[Opening Provided data section]

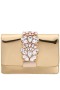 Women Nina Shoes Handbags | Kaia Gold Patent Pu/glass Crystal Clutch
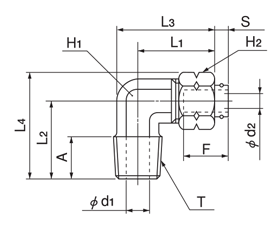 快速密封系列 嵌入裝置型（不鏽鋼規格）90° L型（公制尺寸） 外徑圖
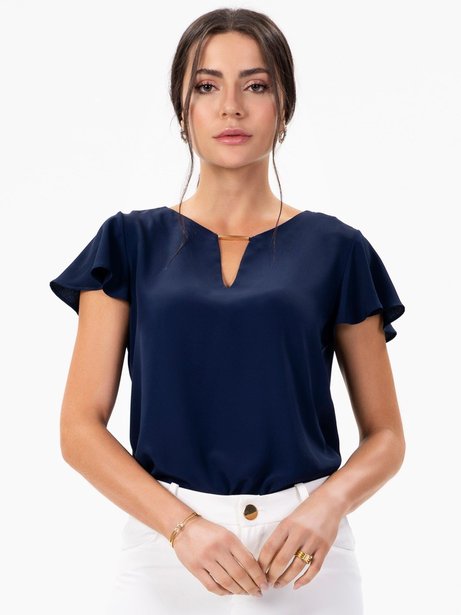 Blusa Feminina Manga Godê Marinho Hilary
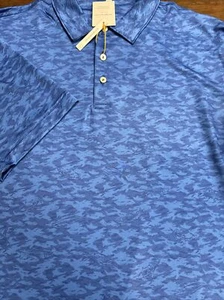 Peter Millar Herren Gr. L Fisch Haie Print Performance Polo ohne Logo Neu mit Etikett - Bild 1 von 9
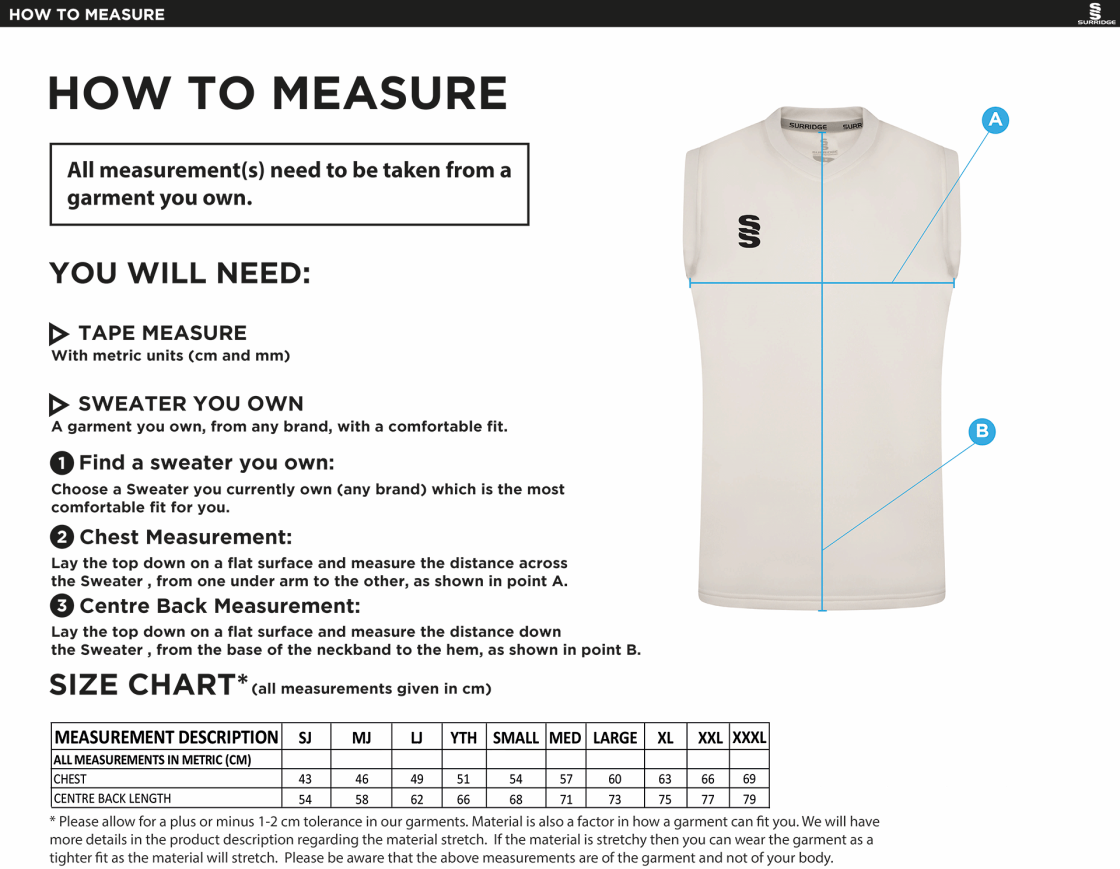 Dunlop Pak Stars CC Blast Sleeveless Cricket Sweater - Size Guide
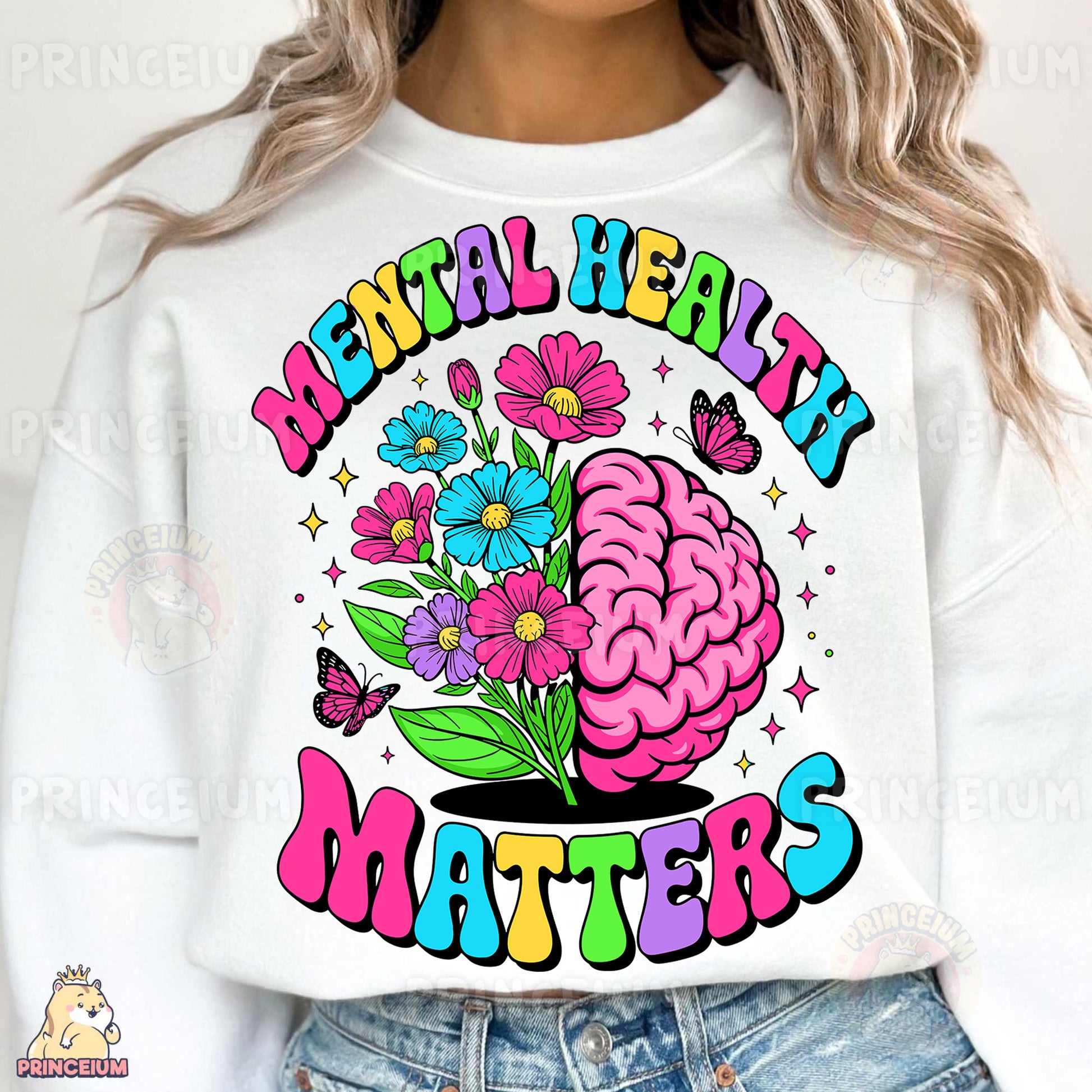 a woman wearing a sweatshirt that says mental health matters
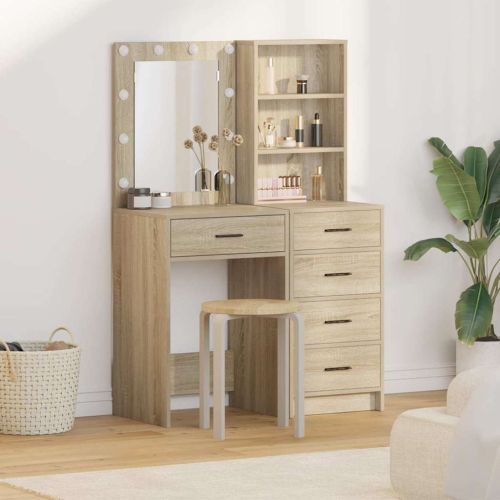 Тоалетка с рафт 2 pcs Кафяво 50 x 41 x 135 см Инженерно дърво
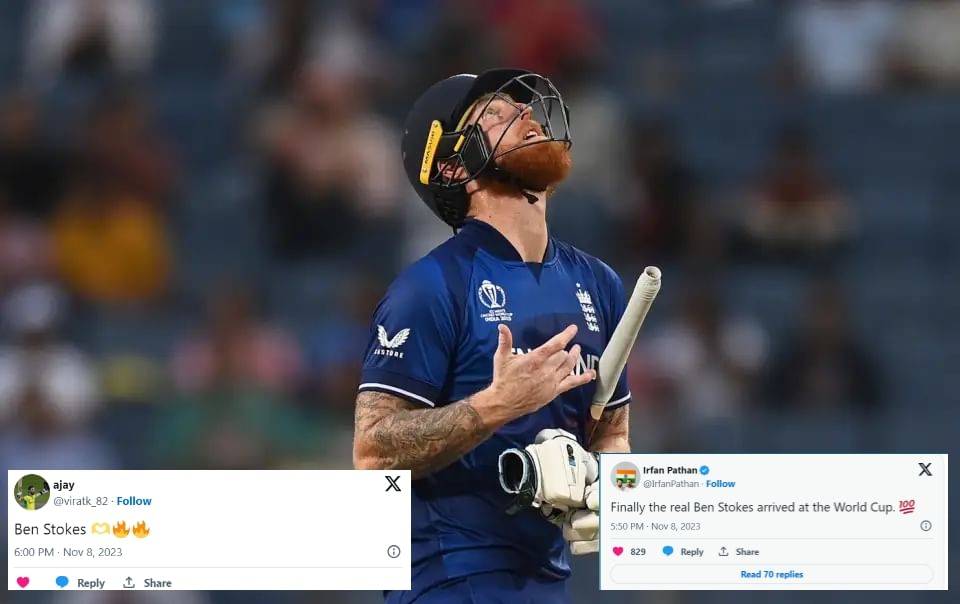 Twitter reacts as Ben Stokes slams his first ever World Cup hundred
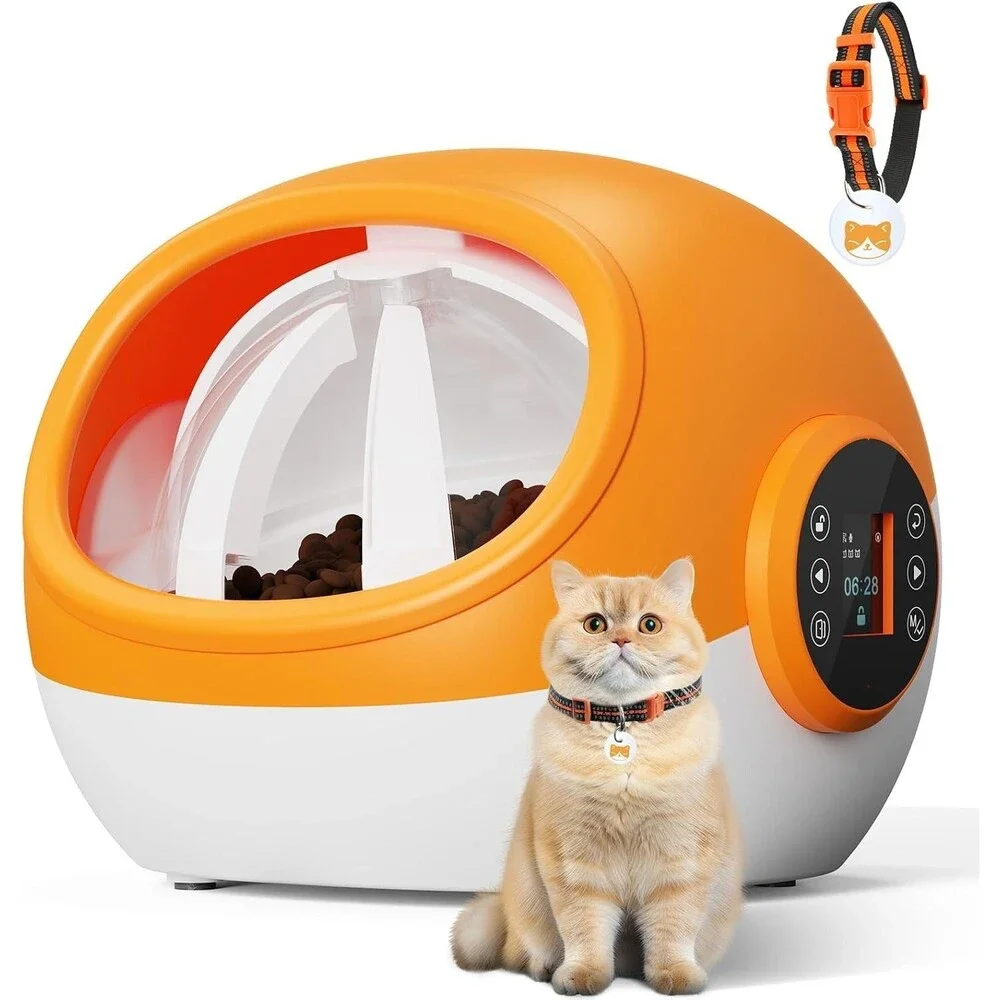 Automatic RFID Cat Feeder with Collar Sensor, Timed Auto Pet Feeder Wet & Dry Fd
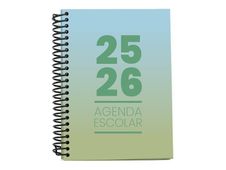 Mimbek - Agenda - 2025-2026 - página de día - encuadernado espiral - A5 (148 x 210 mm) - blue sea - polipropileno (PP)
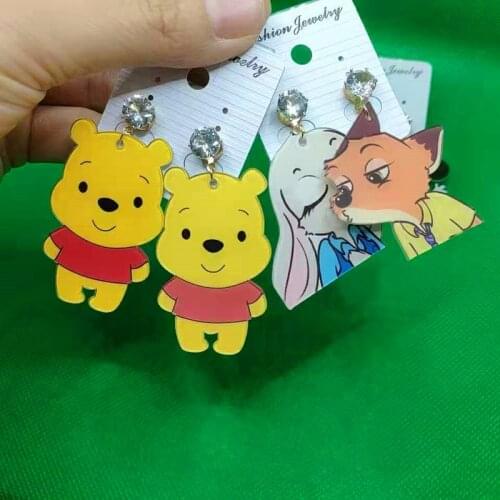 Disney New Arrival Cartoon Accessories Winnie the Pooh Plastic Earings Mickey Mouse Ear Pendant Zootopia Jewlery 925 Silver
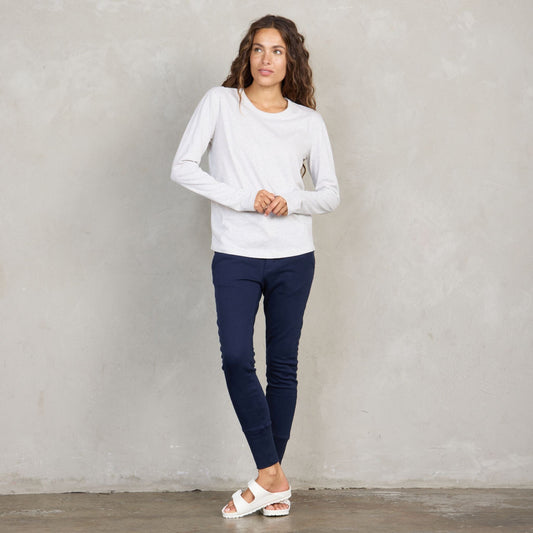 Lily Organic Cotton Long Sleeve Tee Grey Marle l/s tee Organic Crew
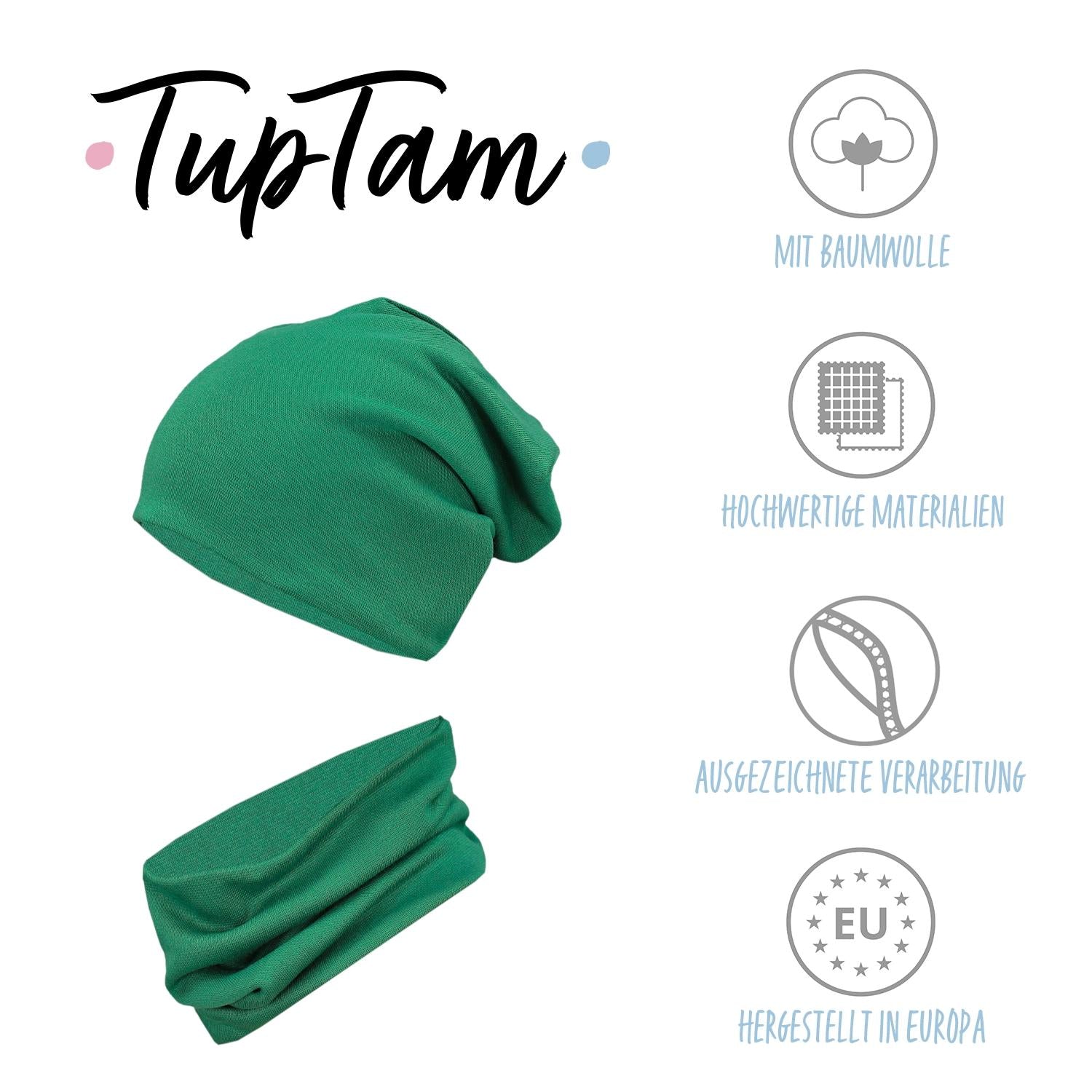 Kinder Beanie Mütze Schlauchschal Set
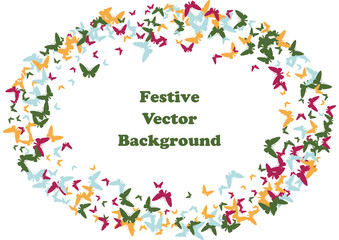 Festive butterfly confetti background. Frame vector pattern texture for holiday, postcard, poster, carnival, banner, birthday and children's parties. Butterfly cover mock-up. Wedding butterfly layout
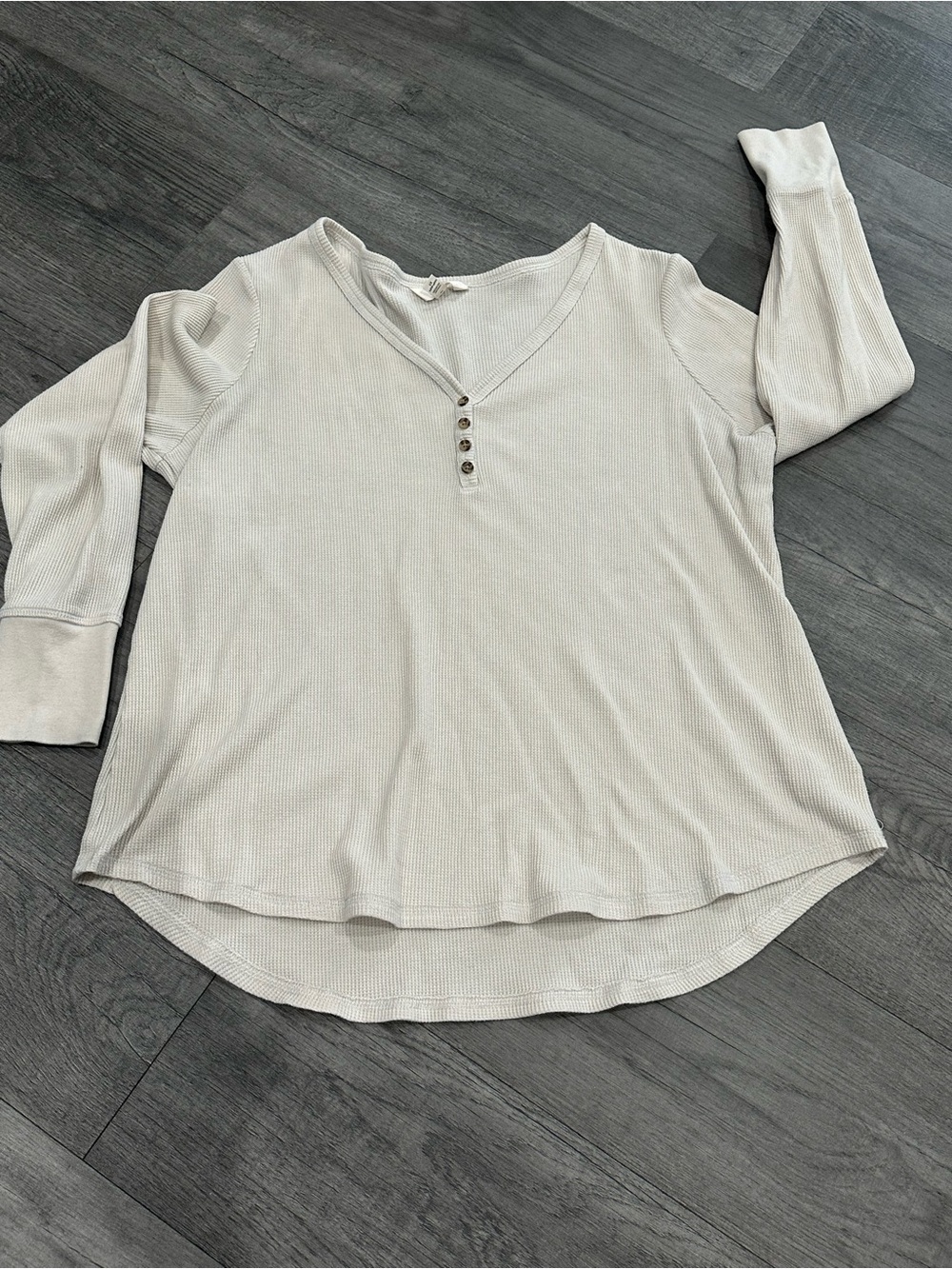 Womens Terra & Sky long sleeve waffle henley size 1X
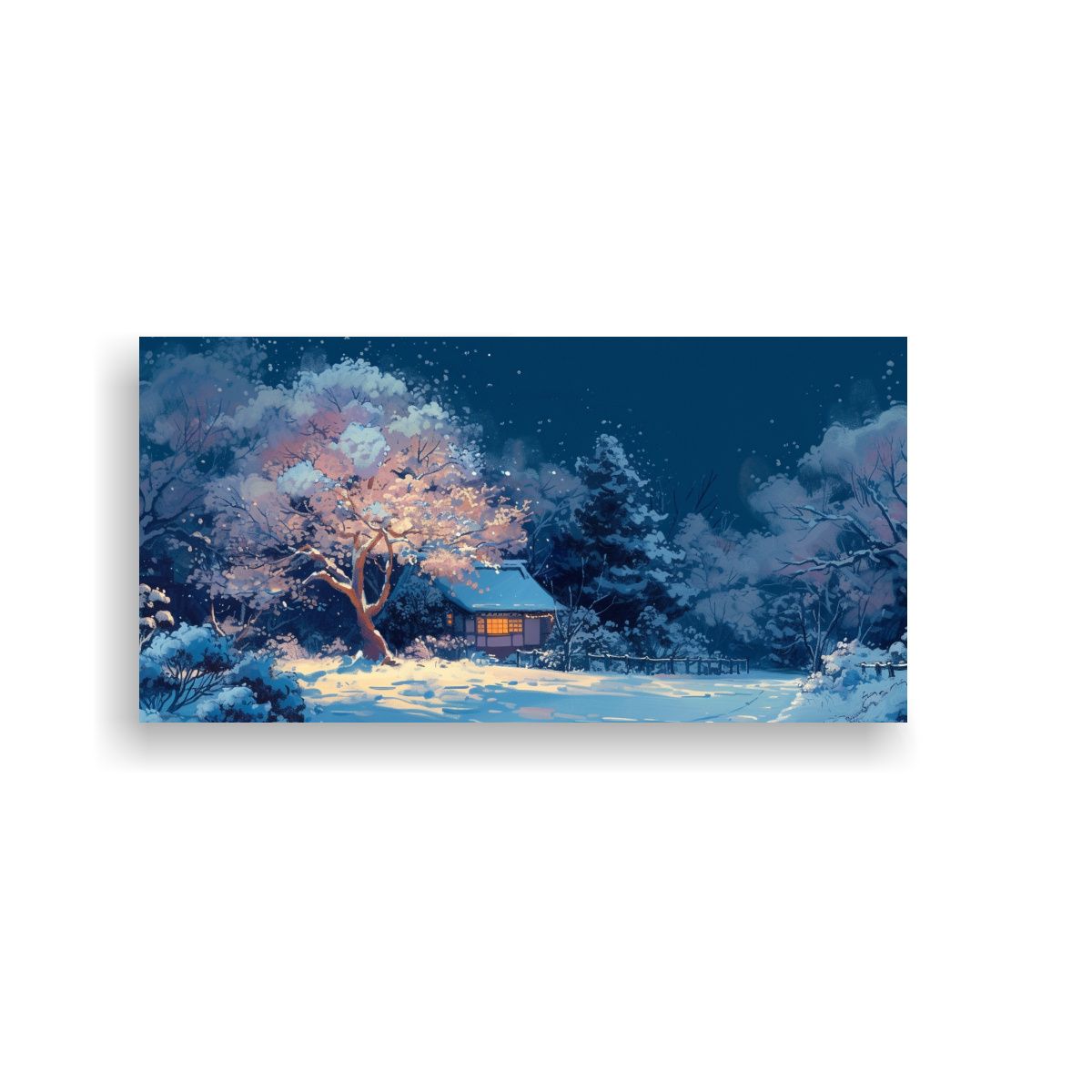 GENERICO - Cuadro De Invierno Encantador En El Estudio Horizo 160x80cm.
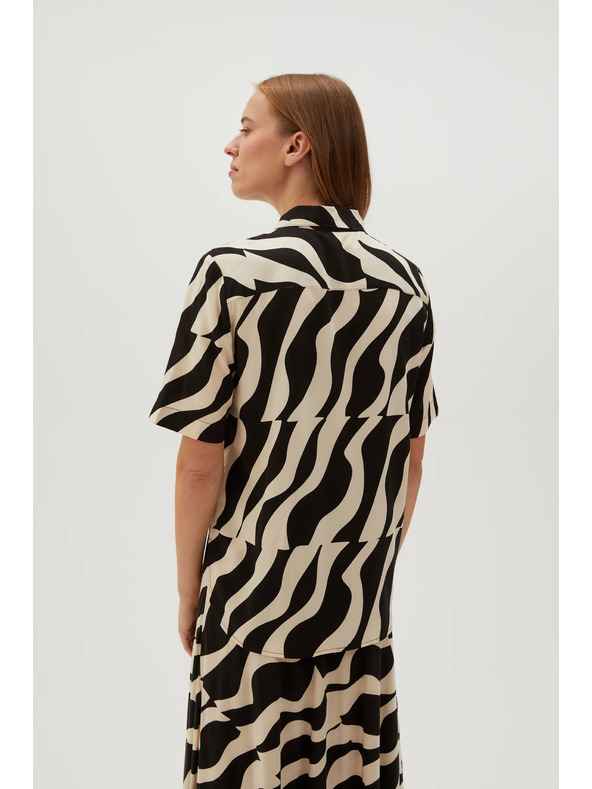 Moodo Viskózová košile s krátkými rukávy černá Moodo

[Closing Provided data section]

Could you write out the records again exactly, omitting each image?

Solution for this exercise:
 Women Nina Shoes Handbags | Kaia Gold Patent Pu/glass Crystal Clutch
 快速密封系列 嵌入裝置型（不鏽鋼規格）90° L型（公制尺寸） 外徑圖
 Blusa Feminina Manga Godê Marinho Hilary
 Peter Millar Herren Gr. L Fisch Haie Print Performance Polo ohne Logo Neu mit Etikett - Bild 1 von 9
 Dunlop Pak Stars CC Blast Sleeveless Cricket Sweater - Size Guide
 a woman wearing a sweatshirt that says mental health matters
 Тоалетка с рафт 2 pcs Кафяво 50 x 41 x 135 см Инженерно дърво
 Twitter reacts as Ben Stokes slams his first ever World Cup hundred
 Automatic RFID Cat Feeder with Collar Sensor, Timed Auto Pet Feeder Wet & Dry Fd
 Mimbek - Agenda - 2025-2026 - página de día - encuadernado espiral - A5 (148 x 210 mm) - blue sea - polipropileno (PP)
 Disney New Arrival Cartoon Accessories Winnie the Pooh Plastic Earings Mickey Mouse Ear Pendant Zootopia Jewlery 925 Silver
 Lily Organic Cotton Long Sleeve Tee Grey Marle l/s tee Organic Crew
 Kinder Beanie Mütze Schlauchschal Set
 Festive butterfly confetti background. Frame vector pattern texture for holiday, postcard, poster, carnival, banner, birthday and children's parties. Butterfly cover mock-up. Wedding butterfly layout
 Womens Terra & Sky long sleeve waffle henley size 1X
 GENERICO - Cuadro De Invierno Encantador En El Estudio Horizo 160x80cm.
 Moodo Viskózová košile s krátkými rukávy černá Moodo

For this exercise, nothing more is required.